Ahhhhh I still can't believe it asdgkjshgh! Italia, sto arrivando presto, non vedo l'ora!

Sunday, August 12, 2012

Let the packing shenanigans/stress commence



With a little over a week left until I depart (I am internally screaming!!), the time has finally come to figure out what will make its way into my suitcase and what will sadly stay behind. Do you know how hard that is to accomplish when you have a 50 lb weight limit hanging over your head? It looked like a hurricane destroyed my room once I threw everything on my bed in an attempt to see how much I could fit into my suitcase. It's apparent that my love for shoes will not allow me to follow the packing "advice" (using that term loosely) that was given to us by the study abroad advisors, which was "don't pack too many shoes." You can never have too many shoes. My goal is to take one giant suitcase, a carry on, and my backpack. So far, I've been able to fit all the clothes I want to take, a few pairs of shoes (lol yeah right), and two of my books and my total weight came out to 35ish lbs. So far, so good! If my toiletries and other personal items bring it above 50 lbs, I'll transfer some things over to my carry on. Adding another bag is the last resort and I'm hoping I won't have to do that.

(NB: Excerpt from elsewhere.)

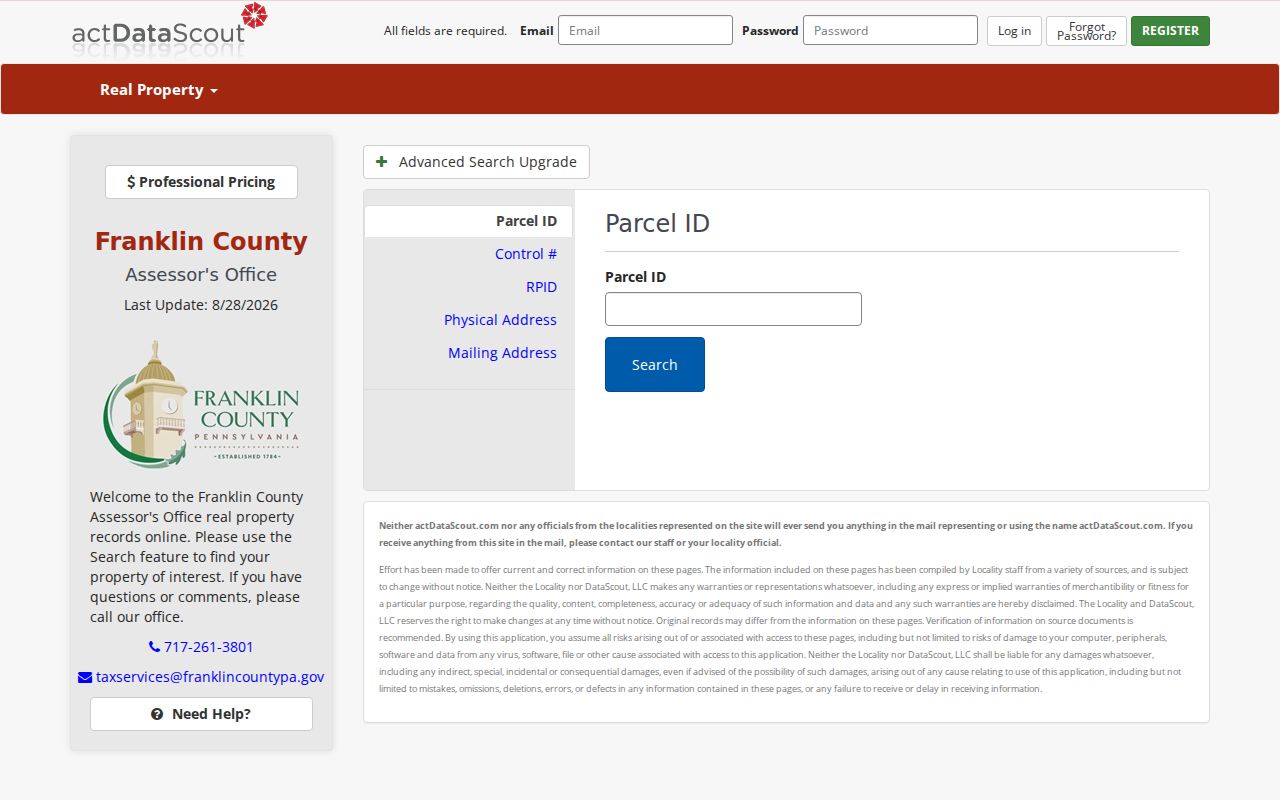 Chambersburg residents directory Franklin County property search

Along with packing, I realized I'll have to make sure I have room for anything that I may bring back with me. And there's a pretty long list of souvenirs I need to get...oh boy. I, for one, am not a huge fan of this 50 lb rule. Girls should be given an exception and have a 70 lb limit instead. How much better would the world be? Cramming four months worth of things into one giant suitcase so you don't have to take another, so you can avoid paying a useless fee, while having it weigh 50 lbs or less? Get out of town.

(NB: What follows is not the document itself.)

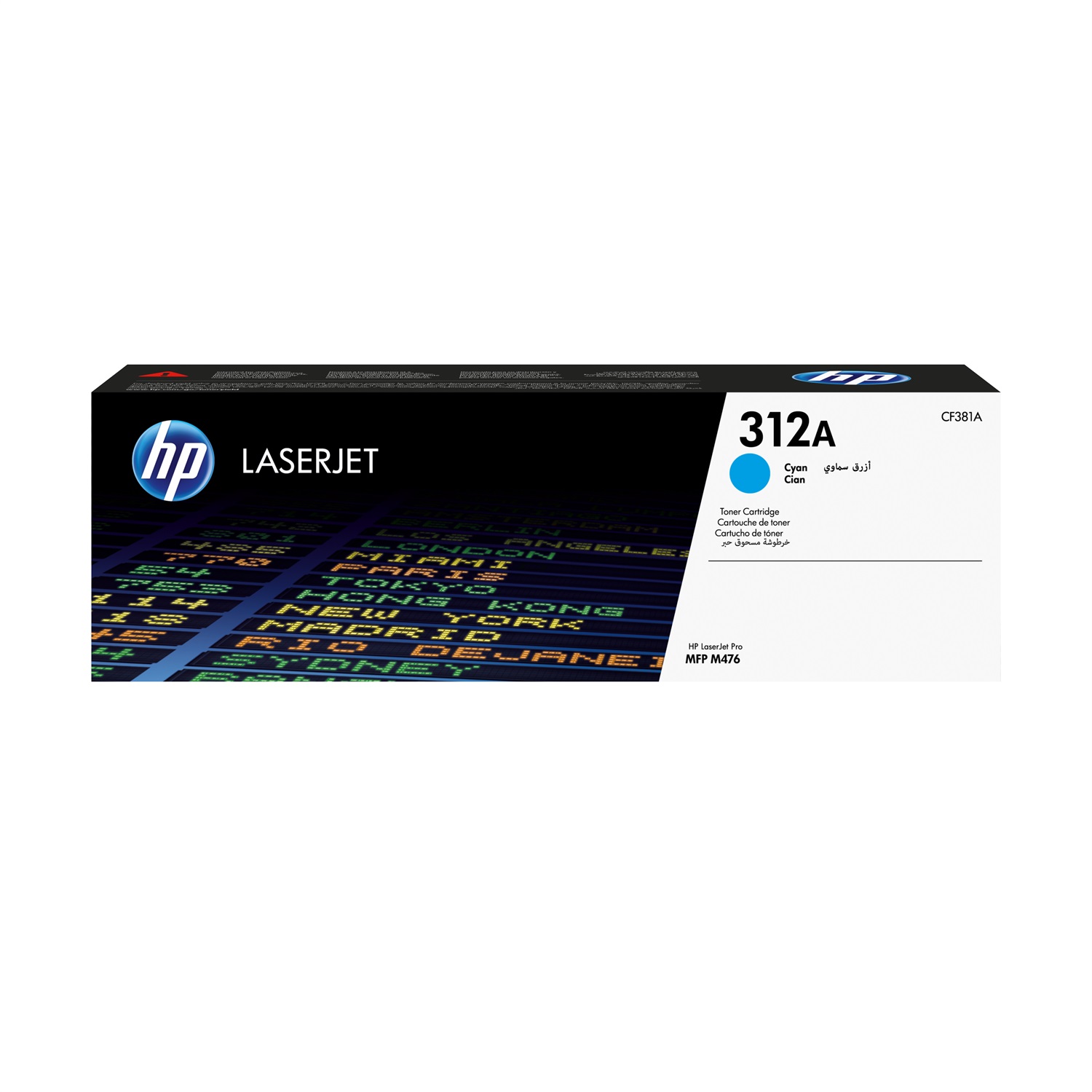 HP Cartuccia Toner Ciano CF381A 312A - 2700 Pagine - Compatibile con LaserJet Pro M476DN/DW/NW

Just seeing all of my clothes and shoes inside of the suitcase was a roller coaster of emotions, though. I was excited, anxious, and restless all at the same time. I'm having a hard time grasping that I won't be living at home, but will be living in an apartment. In Italy. And this is all going to happen in about a week. Who would have thought I'd ever reach this point? This entire journey has been my biggest accomplishment. None of my other awards or scholarships can measure up to the drive, perseverance, and hard work that came along with making this childhood dream a reality. Moving along from my touching monologue, I still have a million things I need to take care of regarding my departure, along with trying to fit in time to see all of my friends and family. I slept over at Theresa's (old co-worker from my summer job) new place on Friday night, have a dinner with the girls from my Italian class on Thursday night, and my Dad's trying to fit in breakfast the morning I leave. Speaking of my Dad, he came up to me today and had this huge smile on his face and went, "It's coming! My baby's going to Italy! Buongiorno! (insert words he made up that he thinks are Italian)!" It threw me completely off guard, because he usually stresses out about things being in order instead of getting excited. My heart melted at the sight of it all. See how easily I can get off topic and just go on these tirades?

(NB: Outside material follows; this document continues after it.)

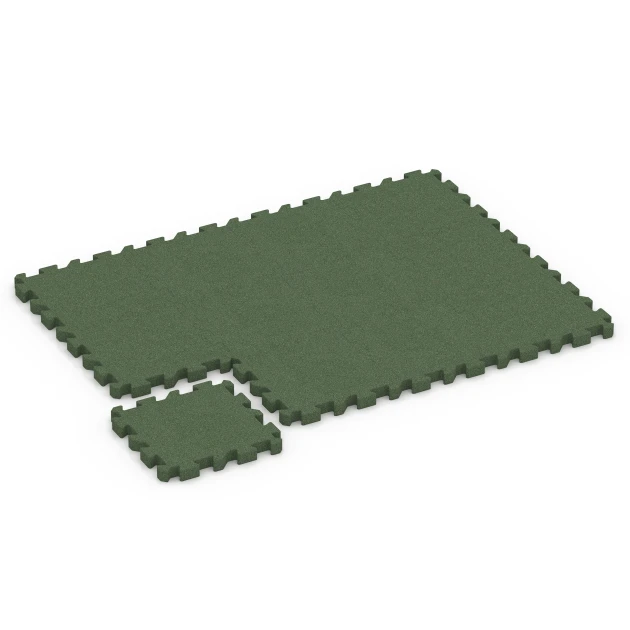 Typische Verlegung oder Einbausituation für den Artikel 6403 von WARCO - Loseta de caucho – 190 cm, Farbton Verde hierba in der Abmessung 50 x 50 x 5 cm | 0,25 m².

Anyways, crunch time has arrived and hopefully I don't drown in stress!

Friday, August 3, 2012

Everything is slowly coming together


All of the books I'll be taking with me have finally arrived. Thankfully they're all pretty small, hopefully they won't weigh down my suitcases too much! 


The hunt for all of my make up/toiletries/etc officially began yesterday. 


My mom gave me her luggage set not too long ago (I squealed forever) and since they're sitting across from my bed, I wake up to them every morning and it's daunting/exciting to know I'll be packing them in less than two weeks. 


I also decided to take on an internship while in Italy, so I've been attempting, lazily so, to get the paperwork finished. It will enhance my language skills and will boost my resume (and we all know how obsessed I am with my resume looking polished). Fingers crossed that I get one of my top three choices!